ALBANIA, a tiny Eastern European country cut off from the world for nearly 50 years, is becoming an important player in the quest for peace in the Balkans.
Albania is the poorest country in Europe and has only fitfully emerged from the rule of a brutal dictator since throwing off communist rule and adopting democracy four years ago.
But eager for American support in everything from fertilizer to foreign investment, Albania has bent over backward to make known its willingness to cooperate militarily with the United States and NATO. Since NATO began bombing Bosnia a month ago, this willingness has become especially welcome.
"Albanian-US relations are excellent and going to be developed [further]," said Sali Berisha, Albania's president, in an interview with the Monitor last Thursday. "We have ... offered all the necessities that the US and NATO might have."

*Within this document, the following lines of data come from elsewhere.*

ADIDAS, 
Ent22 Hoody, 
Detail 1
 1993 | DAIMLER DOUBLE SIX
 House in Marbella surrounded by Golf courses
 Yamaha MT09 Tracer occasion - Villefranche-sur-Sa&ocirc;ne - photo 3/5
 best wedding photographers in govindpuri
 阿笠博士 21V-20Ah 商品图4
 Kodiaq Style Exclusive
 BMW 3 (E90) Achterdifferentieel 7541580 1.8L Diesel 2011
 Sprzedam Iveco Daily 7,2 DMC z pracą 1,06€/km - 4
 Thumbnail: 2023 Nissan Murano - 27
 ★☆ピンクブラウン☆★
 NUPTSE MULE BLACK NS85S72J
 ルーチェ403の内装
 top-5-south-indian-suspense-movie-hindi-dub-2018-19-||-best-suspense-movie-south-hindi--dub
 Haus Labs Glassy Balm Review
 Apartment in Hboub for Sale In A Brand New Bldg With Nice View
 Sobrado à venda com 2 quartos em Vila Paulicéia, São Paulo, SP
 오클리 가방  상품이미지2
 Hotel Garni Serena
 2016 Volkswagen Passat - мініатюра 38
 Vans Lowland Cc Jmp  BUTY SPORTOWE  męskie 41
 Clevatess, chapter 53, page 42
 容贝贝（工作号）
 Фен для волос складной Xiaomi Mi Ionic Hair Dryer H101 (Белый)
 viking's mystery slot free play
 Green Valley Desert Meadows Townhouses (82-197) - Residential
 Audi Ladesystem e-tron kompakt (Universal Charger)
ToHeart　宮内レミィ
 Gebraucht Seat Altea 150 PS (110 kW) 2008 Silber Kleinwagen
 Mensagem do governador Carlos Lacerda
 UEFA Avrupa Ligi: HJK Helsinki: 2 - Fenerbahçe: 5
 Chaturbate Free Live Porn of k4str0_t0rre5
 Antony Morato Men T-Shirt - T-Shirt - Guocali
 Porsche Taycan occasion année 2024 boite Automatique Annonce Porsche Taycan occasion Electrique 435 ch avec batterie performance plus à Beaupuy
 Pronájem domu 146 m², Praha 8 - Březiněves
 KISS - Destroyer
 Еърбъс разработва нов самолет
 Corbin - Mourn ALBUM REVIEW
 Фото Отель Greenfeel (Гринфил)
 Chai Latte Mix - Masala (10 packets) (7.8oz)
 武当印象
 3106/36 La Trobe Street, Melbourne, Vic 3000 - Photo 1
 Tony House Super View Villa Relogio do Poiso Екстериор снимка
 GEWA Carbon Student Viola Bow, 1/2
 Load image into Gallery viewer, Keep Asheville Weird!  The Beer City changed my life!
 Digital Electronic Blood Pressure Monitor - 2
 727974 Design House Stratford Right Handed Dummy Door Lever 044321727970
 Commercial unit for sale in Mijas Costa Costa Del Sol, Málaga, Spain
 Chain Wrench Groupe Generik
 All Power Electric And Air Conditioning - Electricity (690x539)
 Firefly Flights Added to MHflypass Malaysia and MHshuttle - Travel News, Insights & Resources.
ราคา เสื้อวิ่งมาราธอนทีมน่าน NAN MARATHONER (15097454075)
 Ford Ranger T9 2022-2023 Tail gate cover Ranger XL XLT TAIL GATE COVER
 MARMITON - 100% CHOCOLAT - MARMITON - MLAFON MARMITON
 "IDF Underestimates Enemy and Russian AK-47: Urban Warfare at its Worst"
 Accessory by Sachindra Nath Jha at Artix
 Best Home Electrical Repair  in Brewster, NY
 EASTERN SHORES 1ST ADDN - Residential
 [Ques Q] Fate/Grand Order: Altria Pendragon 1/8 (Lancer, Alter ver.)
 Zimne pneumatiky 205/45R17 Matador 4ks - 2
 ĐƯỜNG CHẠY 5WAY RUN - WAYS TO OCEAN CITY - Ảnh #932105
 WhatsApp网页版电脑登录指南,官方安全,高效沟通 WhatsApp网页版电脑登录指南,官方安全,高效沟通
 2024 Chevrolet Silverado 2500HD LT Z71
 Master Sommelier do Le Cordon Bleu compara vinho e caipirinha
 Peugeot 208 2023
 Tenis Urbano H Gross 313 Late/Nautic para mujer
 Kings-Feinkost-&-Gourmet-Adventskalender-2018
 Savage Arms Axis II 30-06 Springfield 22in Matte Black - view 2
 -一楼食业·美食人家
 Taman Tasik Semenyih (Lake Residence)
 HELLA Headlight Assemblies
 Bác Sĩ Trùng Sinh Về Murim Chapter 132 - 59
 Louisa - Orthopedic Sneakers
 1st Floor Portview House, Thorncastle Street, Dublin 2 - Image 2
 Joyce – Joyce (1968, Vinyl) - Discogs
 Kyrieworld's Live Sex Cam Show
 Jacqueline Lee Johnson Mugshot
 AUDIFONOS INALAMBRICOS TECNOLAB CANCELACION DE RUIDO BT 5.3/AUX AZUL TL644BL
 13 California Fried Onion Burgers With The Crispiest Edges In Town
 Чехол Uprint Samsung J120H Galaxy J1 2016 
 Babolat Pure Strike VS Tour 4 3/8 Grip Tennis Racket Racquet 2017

That enthusiasm was rewarded last week when President Berisha was invited for his first White House visit with President Clinton. The visit came as military ties between Albania and the US are growing.
In the past month, five American generals and three congressional delegations have made trips to Albania. On Thursday, US and Albanian military units began their seventh round of joint peacekeeping exercises this year. At that time Clinton pledged to equip Albania's peacekeeping unit.
Albania has also permitted American spy planes and crews to use its air bases to conduct missions over Bosnia. And it has identified some half-dozen air and naval facilities for US and NATO use.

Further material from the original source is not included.